King, Grace Elizabeth. Papers, 1851-1941 (bulk 1864-1932). 3,800 items, 49 volumes, and 24 microfilm reels. Location: UU:10-18, UU:23-24, UU:27-31, 98:K, N:6, OS:K, Vault:11, MSS.MF:K. New Orleans writer and historian. Correspondence, literary writings in notebooks, photographs, bound manuscript volumes, and printed material concern the literary career of Grace King, historical interests, travels, and personal affairs. Her correspondence and diaries describe her extensive travel throughout the United States, Canada, and Europe. Diary 3 describes her childhood experiences at L'Embarass plantation in St. Martin Parish. Her correspondence also describes yachting in Florida and other Southern states. For further information, see online catalog. Part of the Grace King Collection. Mss. 1282.

King, Roswell, Jr. Diary, 1838-1845. 1vol. Location: M:19. BTC. Agent for the Butler family and farmer of South Hampton, Georgia. Entries record periodic trips to the plantations on Butler Island and give routine plantation information. Available on microfilm 5322: University Publications of America Records of Ante-bellum Southern Plantations Series I, Part 2, Reel 20. For further information, see online catalog. Mss. 201.

Referenced in Guides: Plantations

King, William W. and family. Papers, 1833-1954 (bulk 1837-1936). 9,400 items, 174 volumes. Location: N:6-8, OS:K, UU:32-57, Vault:27. New Orleans lawyer and father of writer Grace King. Papers of correspondence, bills and receipts relating to the law firm of Elmore and King; L'Embarrasse Plantation in St.
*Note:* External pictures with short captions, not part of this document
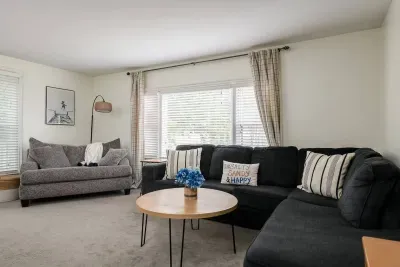 Living Room Retreat: Bright and stylish space perfect for relaxing with friends and family!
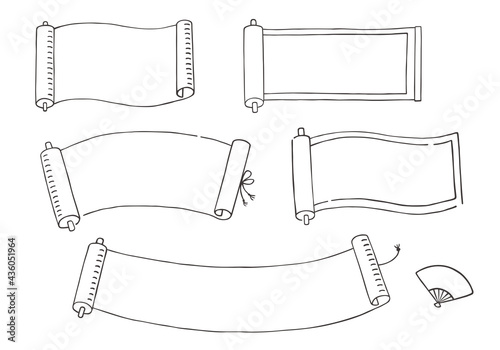 巻物の手描きイラスト（モノクロ） photo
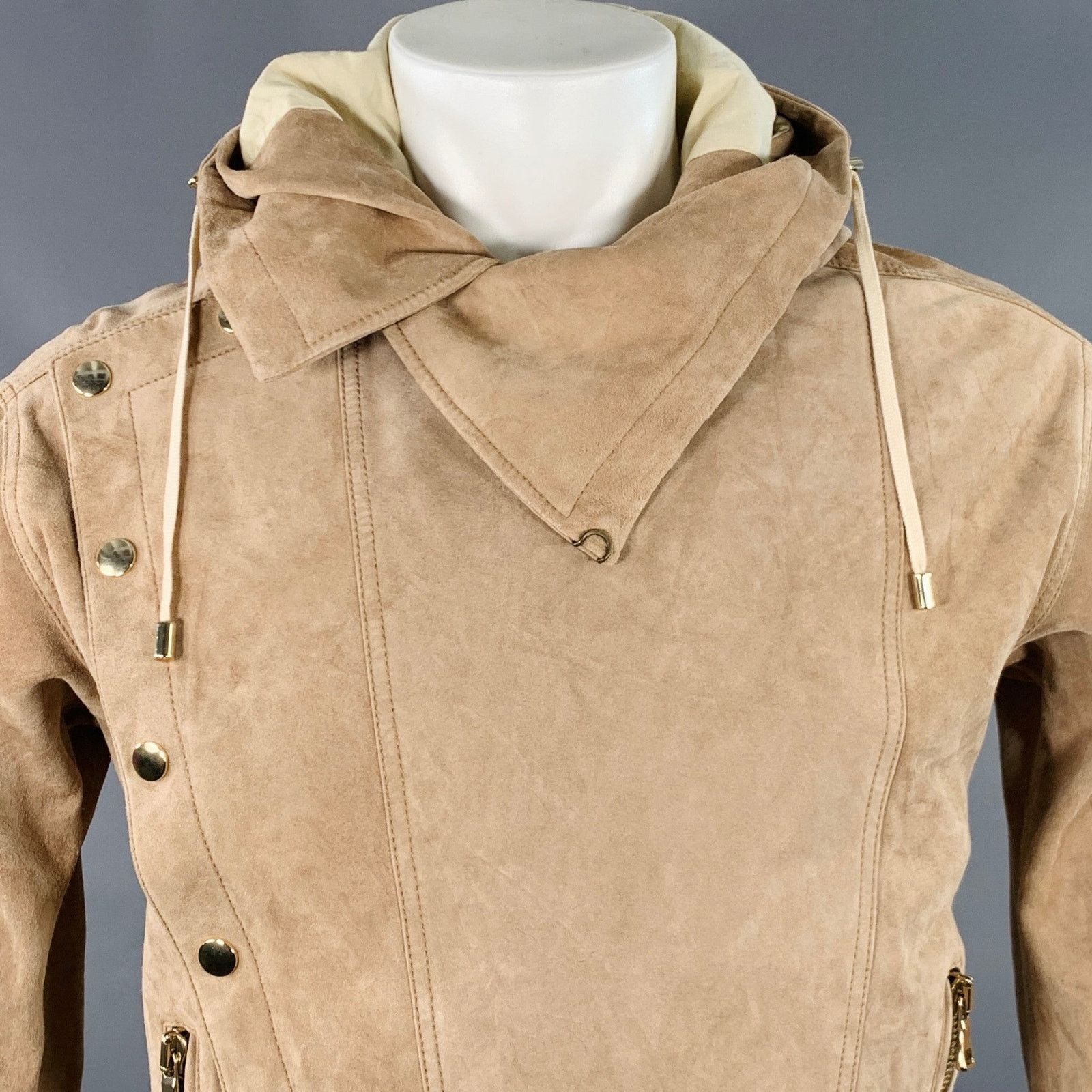 Balmain S Beige Calfskin Suede Hooded Asymmetrical Snaps Jacket Size US S / EU 44-46 / 1 - 3 Thumbnail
Martin Parish, Louisiana; and the period during the Civil War and Reconstruction. Also included are papers concerning the education of the children; the social, cultural, religious, and economic life of New Orleans; the anti-lottery movement; and travel in the U.S. and Europe. For further information, see online catalog. Part of the Grace King Collection. Mss. 1282.

Kleinpeter, Andrew. Papers, 1827-1833. 20 items. Location: B:40. Resident of East Baton Rouge Parish, Louisiana. Correspondence from relatives in Spencer County, Kentucky, and letters from James Neilson, attending school in Lexington, Kentucky, commenting on Henry Clay after attending a party in his home, and mentioning a shooting by supporters of Clay and Jackson. Includes business letters of Isidor Larguire, cotton broker, of New Orleans; and a letter of A. Jones, Baton Rouge, concerning the treatment of cholera. For further information, see online catalog. Mss. 238.